• _Task statement_: Required from the data below: the exact lines starting at the line containing "Woodland Avenue, Hazel Grove, SK7" and ending at the line containing "Carregar imagem no", with both ends kept and all pictures dropped.

• _Exercise inputs_:
※ ※ ※
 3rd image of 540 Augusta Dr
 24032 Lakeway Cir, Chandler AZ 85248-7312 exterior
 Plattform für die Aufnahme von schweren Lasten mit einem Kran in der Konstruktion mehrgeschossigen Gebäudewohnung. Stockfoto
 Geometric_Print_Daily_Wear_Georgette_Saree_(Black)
※ ※ ※
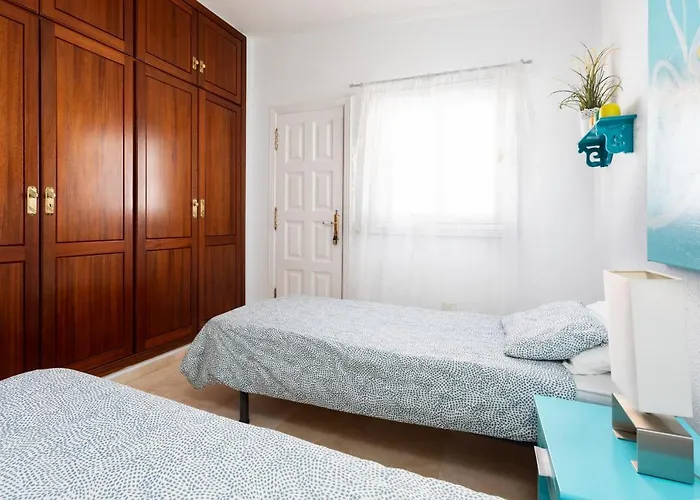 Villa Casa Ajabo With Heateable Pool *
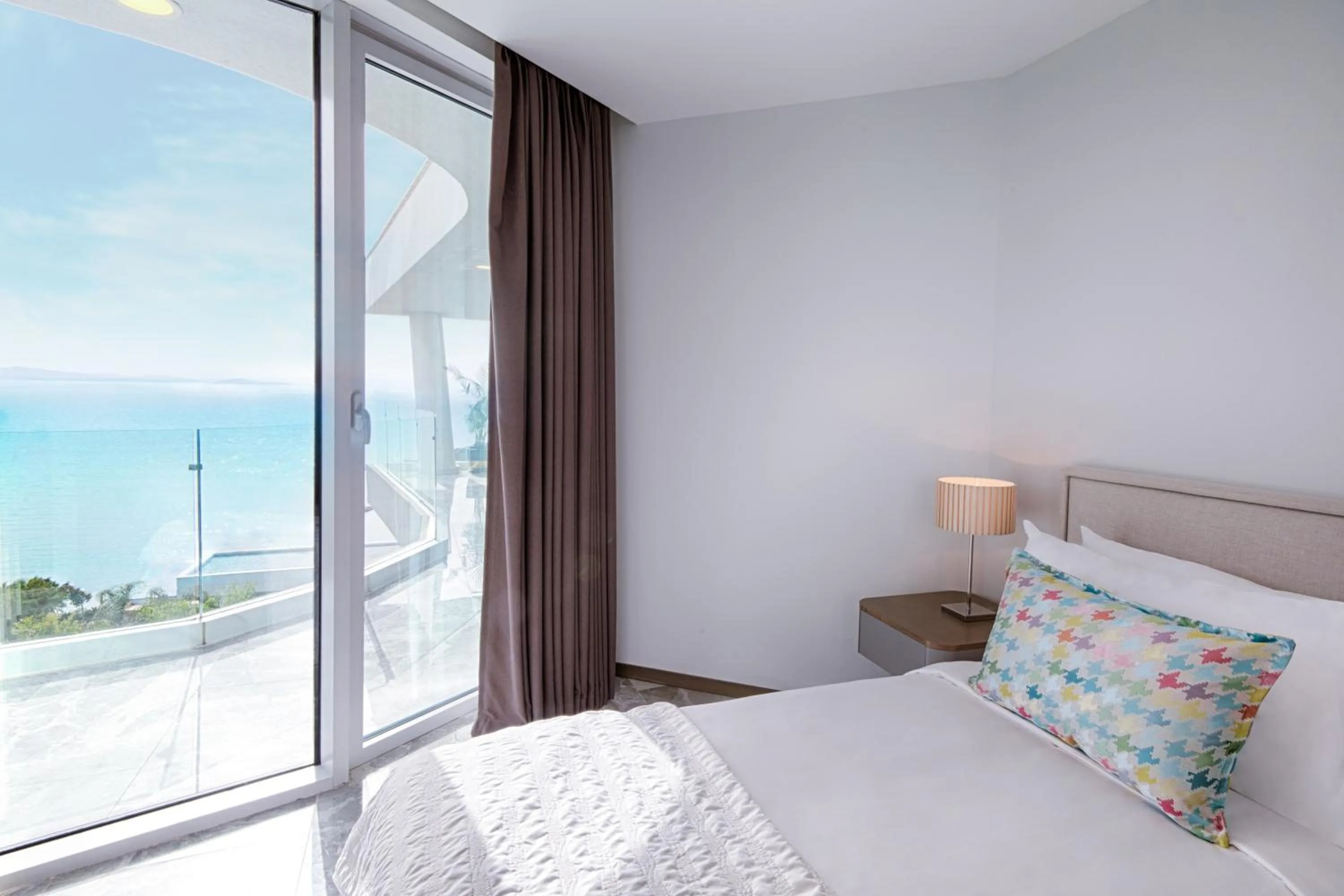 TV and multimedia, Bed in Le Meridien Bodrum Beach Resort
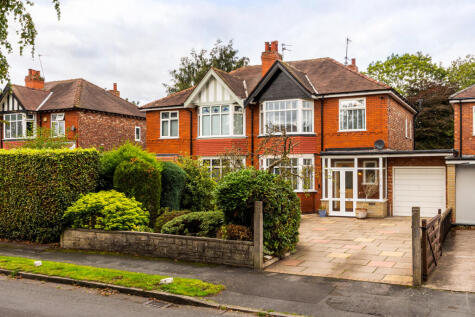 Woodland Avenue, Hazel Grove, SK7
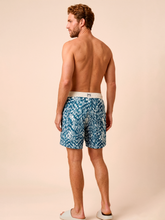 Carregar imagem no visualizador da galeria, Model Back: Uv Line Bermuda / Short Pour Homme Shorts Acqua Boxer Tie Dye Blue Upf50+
※ ※ ※
• _Completed task_:
 Woodland Avenue, Hazel Grove, SK7
 Carregar imagem no visualizador da galeria, Model Back: Uv Line Bermuda / Short Pour Homme Shorts Acqua Boxer Tie Dye Blue Upf50+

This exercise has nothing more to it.